Develop your active listening skills

How to improve listening skills

Reading between the lines

In 2013, a professor from Minnesota conducted an experiment, asking local school teachers to stop midclass and ask students about the lesson, to test whether they were listening.

The results might surprise you:

  • 90% of first- and second-graders gave the right answer
  • 44% of middle schoolers answered correctly
  • 25% of high schoolers could give a correct response

Assuming you’re an adult reading this, the pattern is clear: your listening skills probably aren’t as good as you think. Statistically speaking, they’re probably worse than a 6-year-old child’s. 

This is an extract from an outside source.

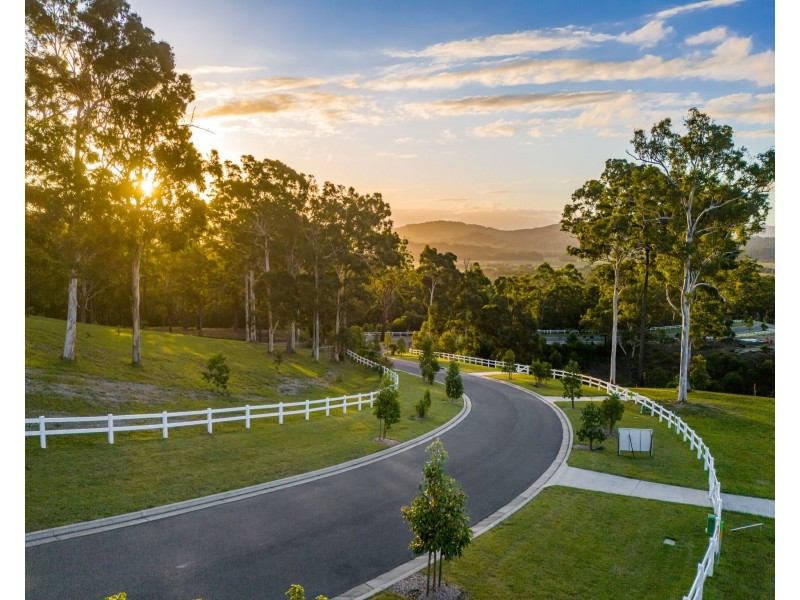 Emerald Mountain View, Tanglewood NSW 2488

And that’s a problem. In the workplace, poor listening leads to misunderstandings between colleagues, missed deadlines, and unclear expectations between managers and employees. And these kinds of miscommunications can cost your company up to $6,000 per employee

Whether you’re a team leader or an employee, listening is a fundamental soft skill for the workplace, but it’s one of the hardest to master. It requires patience, concentration, and emotional intelligence — things difficult to maintain when stressed out and on a deadline. 

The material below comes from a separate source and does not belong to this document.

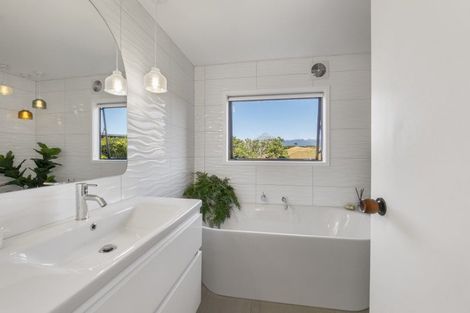 Photo of property in 12 Ridgewood Drive, Ridgewood, New Plymouth, 4371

Thankfully, the more you work on this communication skill, the easier it will become. Here’s our guide on how to become a better listener.

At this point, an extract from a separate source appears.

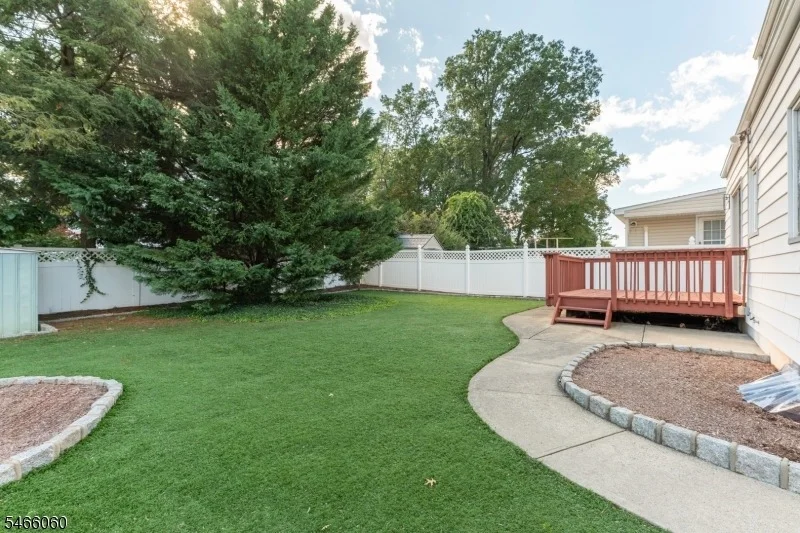 Photo of 439 Wheaton Rd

Signs you’re a bad listener

The first step toward effective communication and great listening is admitting you need improvement. You don’t need to feel guilty about it — most adults struggle to recall a presentation they heard mere moments earlier. But if you practice humility and show a desire to improve, you’ll be miles ahead of other people.

Here’s what bad listening looks like:

  • You’re distracted. If you’re looking at your phone while someone is speaking, you’ll miss important points of what they’re saying. And even while looking at them, your mind can easily wander. You need to focus on their words rather than the list of chores waiting for you at home.
  • You talk too much. Has the person you’re talking to said anything in the past five minutes? No, they’re not a quiet person — you’re dominating the conversation. You should check in with them frequently. They might be waiting to put a word in.
  • You often interrupt people. You might think you already understand what they want, but you won’t know for sure unless you let them finish. Interrupting people while they speak is rude and can lead to you missing important information.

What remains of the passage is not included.